Plants generate starch during the day and metabolize it at night to store and use for cellular energy. The glucan phosphatase Starch EXcess4 (SEX4) plays a crucial role in transitory starch degradation via its involvement in the reversible starch phosphorylation mechanism. Previous structural studies have shown that SEX4 preferentially binds to and dephosphorylates starch at the C6 position of glucosyl residues, but there remains little data on how SEX4 navigates and interacts with the complex starch granule. Further, enzyme kinetics and regulatory mechanisms of SEX4 are currently not well understood. We employed both generic and substrate specific phosphatase assays to determine kinetics and substrate binding mechanisms of SEX4. Upon use of a generic phosphatase substrate, p‐nitro phenyl phosphate (p‐NPP), SEX4 followed Michaelis‐Menten kinetics.
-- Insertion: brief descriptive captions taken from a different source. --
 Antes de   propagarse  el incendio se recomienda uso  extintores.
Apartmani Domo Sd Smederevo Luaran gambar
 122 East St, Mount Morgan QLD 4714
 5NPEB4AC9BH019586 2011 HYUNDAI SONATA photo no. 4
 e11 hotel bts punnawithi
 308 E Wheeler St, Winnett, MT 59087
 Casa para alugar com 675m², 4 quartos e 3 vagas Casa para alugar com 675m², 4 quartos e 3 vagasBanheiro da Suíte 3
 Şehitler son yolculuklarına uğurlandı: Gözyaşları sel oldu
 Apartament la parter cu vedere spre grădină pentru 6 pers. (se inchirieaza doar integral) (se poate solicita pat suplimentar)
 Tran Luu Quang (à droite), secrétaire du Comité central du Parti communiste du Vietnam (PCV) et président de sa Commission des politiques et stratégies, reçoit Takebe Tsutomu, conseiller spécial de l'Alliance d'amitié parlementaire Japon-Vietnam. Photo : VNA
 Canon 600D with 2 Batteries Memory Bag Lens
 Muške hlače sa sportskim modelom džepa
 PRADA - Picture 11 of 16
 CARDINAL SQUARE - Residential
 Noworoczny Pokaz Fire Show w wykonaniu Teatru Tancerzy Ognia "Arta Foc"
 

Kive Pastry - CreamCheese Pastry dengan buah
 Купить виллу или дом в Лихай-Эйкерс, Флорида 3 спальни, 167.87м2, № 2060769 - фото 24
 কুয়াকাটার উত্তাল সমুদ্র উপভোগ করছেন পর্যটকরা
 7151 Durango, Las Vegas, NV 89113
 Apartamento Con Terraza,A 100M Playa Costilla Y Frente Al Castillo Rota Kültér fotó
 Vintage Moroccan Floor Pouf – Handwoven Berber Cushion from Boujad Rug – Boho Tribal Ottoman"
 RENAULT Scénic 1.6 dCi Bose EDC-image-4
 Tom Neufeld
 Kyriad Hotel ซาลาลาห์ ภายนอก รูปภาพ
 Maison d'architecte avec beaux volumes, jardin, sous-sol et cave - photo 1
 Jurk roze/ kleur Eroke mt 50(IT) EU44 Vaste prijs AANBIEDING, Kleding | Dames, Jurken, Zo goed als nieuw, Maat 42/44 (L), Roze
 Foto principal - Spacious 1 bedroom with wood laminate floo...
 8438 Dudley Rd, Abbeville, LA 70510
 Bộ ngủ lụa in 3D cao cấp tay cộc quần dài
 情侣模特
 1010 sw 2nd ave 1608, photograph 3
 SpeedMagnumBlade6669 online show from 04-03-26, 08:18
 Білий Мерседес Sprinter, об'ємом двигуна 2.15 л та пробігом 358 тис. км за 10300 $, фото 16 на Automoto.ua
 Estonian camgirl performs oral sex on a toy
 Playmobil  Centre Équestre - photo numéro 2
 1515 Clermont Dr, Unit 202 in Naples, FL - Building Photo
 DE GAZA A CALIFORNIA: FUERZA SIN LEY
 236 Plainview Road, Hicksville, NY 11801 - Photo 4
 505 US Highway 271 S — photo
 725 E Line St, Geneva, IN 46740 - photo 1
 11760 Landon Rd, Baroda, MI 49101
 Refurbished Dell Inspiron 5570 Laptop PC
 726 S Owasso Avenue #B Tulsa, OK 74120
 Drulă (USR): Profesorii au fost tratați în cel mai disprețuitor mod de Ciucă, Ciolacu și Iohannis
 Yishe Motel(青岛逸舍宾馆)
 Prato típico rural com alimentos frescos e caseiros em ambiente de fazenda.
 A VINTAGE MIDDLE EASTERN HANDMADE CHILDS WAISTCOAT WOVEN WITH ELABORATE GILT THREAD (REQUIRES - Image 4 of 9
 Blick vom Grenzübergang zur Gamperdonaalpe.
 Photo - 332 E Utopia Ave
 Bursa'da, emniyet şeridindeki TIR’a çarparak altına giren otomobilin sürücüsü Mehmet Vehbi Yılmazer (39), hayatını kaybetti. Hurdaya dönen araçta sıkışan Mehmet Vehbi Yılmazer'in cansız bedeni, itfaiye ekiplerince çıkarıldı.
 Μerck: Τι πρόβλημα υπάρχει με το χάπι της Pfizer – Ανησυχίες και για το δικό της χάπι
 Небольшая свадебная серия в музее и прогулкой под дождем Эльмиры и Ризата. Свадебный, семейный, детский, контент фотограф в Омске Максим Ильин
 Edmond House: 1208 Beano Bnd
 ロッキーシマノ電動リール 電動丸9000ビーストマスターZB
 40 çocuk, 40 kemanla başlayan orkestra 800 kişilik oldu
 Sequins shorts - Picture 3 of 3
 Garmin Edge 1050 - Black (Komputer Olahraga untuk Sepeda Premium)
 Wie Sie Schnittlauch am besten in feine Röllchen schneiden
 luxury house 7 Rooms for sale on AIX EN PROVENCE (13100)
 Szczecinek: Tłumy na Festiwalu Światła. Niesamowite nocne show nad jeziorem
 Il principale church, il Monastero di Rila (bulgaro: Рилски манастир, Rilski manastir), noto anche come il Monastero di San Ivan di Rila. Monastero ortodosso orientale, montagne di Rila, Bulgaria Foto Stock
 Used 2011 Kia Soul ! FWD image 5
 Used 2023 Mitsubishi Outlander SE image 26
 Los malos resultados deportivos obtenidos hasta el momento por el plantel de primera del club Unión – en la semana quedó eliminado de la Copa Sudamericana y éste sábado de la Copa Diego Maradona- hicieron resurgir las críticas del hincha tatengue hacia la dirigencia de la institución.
A sigmoidal curve observed for the physiological substrate amylopectin suggests a non‐ Michaelis‐Menten behavior for SEX4 and provides experimental evidence for a possible allosteric regulatory mechanism of SEX4. The enhanced dephosphorylation rates obtained for generic phosphatase assays with SEX4 preincubated with different domains of starch structure strongly suggest a conformational change within the active site of SEX4 upon glucan binding. Collectively, our finding suggests a novel posttranslational regulatory mechanism of SEX4 that is necessary for the regulation of transitory starch degradation at night.